Dynamic bigquery query in dataflow template

Question:

I’ve written a Dataflow job that works great when I run it manually. Here is the relevant section (with some validation code removed for clarity):

parser.add_argument('--end_datetime',
                    dest='end_datetime')
known_args, pipeline_args = parser.parse_known_args(argv)

query = <redacted SQL String with a placeholder for a date>
query = query.replace('#ENDDATETIME#', known_args.end_datetime)

with beam.Pipeline(options=pipeline_options) as p:
    rows = p | 'read query' >> beam.io.Read(beam.io.BigQuerySource(query=query, use_standard_sql=True))

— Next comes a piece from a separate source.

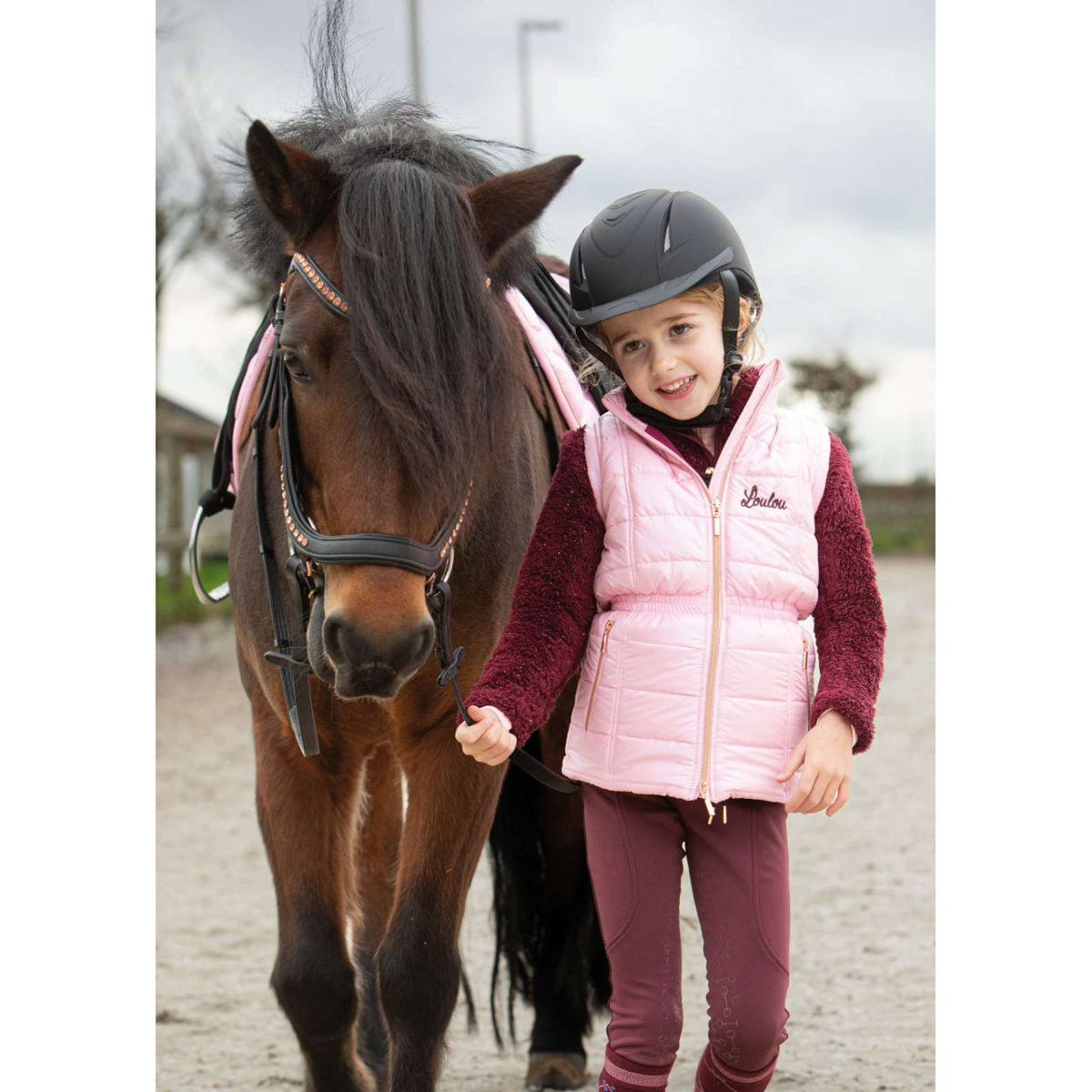 Harry's Horse Bodywamer LouLou Champoussin Silver/Pink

Now I want to create a template and schedule it to run on a regular basis with a dynamic ENDDATETIME. As I understand it, in order to do this I need to change add_argument to add_value_provider_argument per this documentation:

https://cloud.google.com/dataflow/docs/templates/creating-templates

Unfortunately, it appears that ValueProvider values are not available when I need them, they’re only available inside the pipeline itself. (please correct me if I’m wrong here…). So I’m kind of stuck.

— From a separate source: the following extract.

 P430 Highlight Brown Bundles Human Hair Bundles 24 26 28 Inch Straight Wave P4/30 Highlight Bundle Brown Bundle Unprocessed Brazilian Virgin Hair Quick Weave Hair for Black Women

Does anyone have any pointers on how I could get a dynamic date into my query in a Dataflow template?

Asked By: Mike Keyes

||

Answers:

Python currently only supports ValueProvider options for FileBasedSource IOs. You can see that by clicking on the Python tab at the link you used:
https://cloud.google.com/dataflow/docs/templates/creating-templates

under the “Pipeline I/O and runtime parameters” section.